SUPPLIED INFORMATION
* * * *
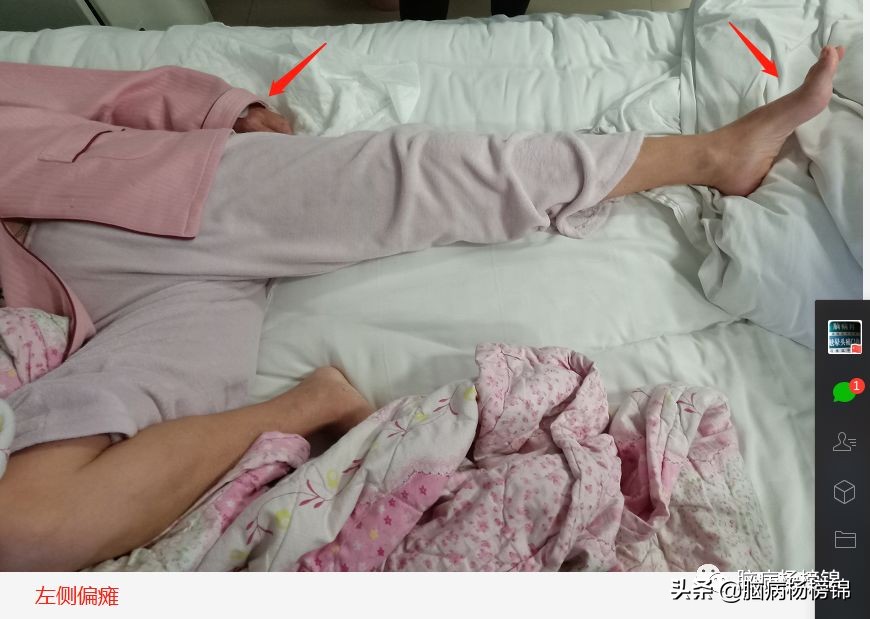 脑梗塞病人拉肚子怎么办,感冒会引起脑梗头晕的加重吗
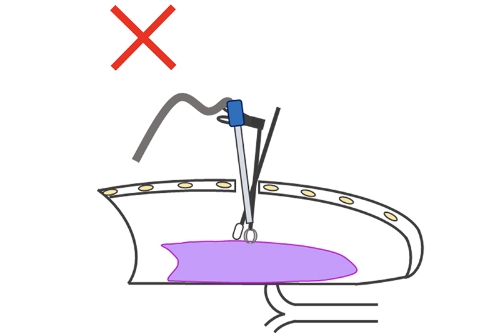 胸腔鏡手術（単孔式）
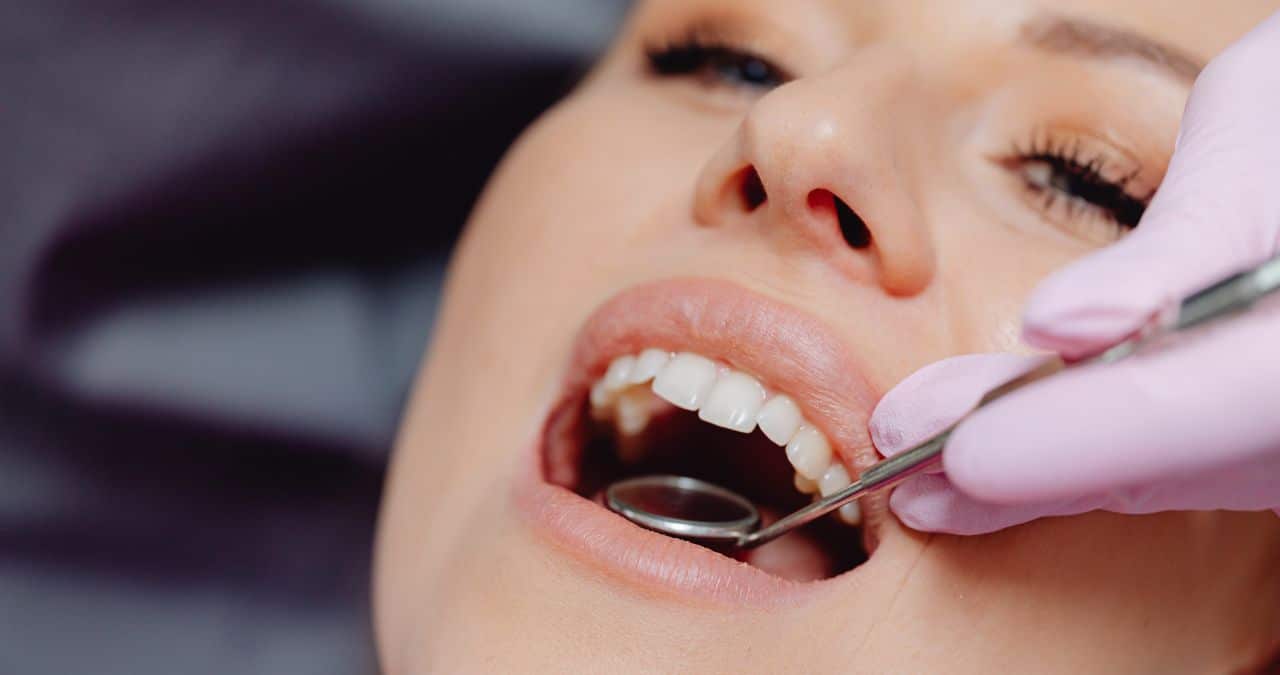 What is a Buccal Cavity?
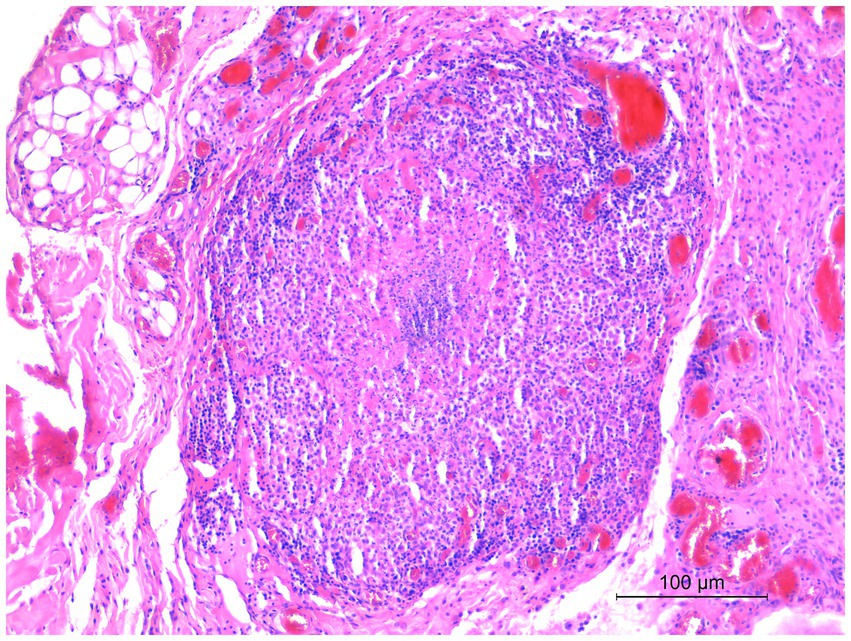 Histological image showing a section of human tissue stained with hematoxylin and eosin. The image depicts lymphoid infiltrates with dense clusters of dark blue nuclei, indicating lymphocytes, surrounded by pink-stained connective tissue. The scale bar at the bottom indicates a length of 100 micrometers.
* * * *
EXERCISE DETAILS
When you retype the material above, keep every word exact and drop the images.

ANSWER TO THE PROBLEM
 脑梗塞病人拉肚子怎么办,感冒会引起脑梗头晕的加重吗
 胸腔鏡手術（単孔式）
 What is a Buccal Cavity?
 Histological image showing a section of human tissue stained with hematoxylin and eosin. The image depicts lymphoid infiltrates with dense clusters of dark blue nuclei, indicating lymphocytes, surrounded by pink-stained connective tissue. The scale bar at the bottom indicates a length of 100 micrometers.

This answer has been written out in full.